▶ _What you should do_
Identify, in the records below, every line where the string "фото" appears, and copy each such line.

▶ _Stored dataset items_
Content starts

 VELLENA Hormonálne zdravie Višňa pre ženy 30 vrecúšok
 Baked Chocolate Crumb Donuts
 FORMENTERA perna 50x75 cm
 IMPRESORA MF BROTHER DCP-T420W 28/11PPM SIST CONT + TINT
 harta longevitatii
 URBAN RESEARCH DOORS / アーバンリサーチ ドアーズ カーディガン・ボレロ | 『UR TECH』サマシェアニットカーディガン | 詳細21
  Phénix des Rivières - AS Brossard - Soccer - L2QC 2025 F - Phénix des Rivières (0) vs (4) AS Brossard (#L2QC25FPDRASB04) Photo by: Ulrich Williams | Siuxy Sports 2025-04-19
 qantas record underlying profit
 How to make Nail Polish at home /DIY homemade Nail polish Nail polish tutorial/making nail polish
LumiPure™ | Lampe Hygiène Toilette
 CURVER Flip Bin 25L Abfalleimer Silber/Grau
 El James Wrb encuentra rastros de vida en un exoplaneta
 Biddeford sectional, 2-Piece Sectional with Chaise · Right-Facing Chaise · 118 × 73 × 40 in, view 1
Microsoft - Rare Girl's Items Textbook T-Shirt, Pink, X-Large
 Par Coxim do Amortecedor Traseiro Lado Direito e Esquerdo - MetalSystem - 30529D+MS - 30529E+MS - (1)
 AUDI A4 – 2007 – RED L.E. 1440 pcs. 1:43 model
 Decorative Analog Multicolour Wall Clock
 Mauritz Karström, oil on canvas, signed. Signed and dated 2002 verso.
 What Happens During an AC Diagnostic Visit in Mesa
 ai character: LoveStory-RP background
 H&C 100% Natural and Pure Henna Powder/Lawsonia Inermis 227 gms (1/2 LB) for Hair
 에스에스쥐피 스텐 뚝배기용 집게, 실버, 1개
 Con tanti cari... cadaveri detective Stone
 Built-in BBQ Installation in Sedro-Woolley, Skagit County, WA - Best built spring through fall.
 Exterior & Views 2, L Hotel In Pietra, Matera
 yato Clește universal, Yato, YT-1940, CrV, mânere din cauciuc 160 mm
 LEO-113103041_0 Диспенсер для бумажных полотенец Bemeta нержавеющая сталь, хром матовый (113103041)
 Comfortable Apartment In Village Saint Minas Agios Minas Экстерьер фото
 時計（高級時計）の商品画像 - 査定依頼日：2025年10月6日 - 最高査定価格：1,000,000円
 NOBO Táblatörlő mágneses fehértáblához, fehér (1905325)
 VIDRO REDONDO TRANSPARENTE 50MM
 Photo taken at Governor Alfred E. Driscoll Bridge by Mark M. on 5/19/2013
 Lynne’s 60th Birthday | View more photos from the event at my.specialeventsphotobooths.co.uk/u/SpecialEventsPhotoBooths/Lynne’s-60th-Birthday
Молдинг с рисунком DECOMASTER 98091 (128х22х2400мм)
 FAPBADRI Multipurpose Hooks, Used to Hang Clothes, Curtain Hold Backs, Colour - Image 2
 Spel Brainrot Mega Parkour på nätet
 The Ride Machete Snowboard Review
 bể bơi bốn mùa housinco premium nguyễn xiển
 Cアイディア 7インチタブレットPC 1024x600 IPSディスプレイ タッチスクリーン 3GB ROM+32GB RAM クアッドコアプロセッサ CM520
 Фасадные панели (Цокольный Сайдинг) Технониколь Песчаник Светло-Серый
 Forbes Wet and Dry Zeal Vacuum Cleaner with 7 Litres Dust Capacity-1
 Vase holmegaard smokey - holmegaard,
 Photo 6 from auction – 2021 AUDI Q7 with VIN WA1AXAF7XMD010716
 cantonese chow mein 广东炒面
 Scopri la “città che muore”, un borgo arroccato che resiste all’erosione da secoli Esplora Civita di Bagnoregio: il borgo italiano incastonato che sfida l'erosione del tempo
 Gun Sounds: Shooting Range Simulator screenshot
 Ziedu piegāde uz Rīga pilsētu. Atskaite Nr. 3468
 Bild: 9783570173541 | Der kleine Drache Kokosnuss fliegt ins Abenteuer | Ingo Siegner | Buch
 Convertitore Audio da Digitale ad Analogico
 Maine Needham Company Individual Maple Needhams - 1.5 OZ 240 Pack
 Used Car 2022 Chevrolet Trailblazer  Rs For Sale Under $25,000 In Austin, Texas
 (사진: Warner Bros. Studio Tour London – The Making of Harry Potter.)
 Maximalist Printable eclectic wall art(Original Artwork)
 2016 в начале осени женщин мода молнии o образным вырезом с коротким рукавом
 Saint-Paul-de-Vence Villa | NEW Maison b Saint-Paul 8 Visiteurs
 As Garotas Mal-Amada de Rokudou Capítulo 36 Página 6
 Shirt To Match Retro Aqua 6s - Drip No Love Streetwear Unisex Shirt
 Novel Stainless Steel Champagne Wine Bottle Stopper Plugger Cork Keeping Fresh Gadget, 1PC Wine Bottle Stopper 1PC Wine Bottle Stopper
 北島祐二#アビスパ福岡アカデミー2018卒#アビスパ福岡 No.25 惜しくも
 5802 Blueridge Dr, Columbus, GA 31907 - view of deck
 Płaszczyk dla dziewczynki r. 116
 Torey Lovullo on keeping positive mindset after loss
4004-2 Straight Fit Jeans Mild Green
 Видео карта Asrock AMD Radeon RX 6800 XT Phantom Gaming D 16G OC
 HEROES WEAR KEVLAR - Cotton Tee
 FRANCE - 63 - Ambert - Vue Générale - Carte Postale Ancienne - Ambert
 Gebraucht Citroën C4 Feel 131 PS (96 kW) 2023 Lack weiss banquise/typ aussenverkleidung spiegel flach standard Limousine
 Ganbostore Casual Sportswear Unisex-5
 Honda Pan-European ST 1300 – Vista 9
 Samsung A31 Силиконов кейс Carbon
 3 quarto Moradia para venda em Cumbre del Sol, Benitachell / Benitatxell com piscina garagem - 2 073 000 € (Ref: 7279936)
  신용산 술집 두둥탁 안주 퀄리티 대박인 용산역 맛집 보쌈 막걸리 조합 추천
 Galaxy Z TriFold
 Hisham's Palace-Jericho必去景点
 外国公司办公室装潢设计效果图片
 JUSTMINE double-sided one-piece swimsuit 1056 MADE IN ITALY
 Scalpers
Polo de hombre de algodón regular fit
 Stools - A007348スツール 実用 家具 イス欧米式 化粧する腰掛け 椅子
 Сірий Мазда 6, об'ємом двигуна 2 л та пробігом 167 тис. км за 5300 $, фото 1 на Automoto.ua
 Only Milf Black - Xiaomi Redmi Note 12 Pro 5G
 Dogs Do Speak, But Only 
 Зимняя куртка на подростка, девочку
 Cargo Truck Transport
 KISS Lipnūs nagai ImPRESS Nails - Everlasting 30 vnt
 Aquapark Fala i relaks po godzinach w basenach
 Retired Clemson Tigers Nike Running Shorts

Content ends

▶ _Written solution_
 Comfortable Apartment In Village Saint Minas Agios Minas Экстерьер фото
 Сірий Мазда 6, об'ємом двигуна 2 л та пробігом 167 тис. км за 5300 $, фото 1 на Automoto.ua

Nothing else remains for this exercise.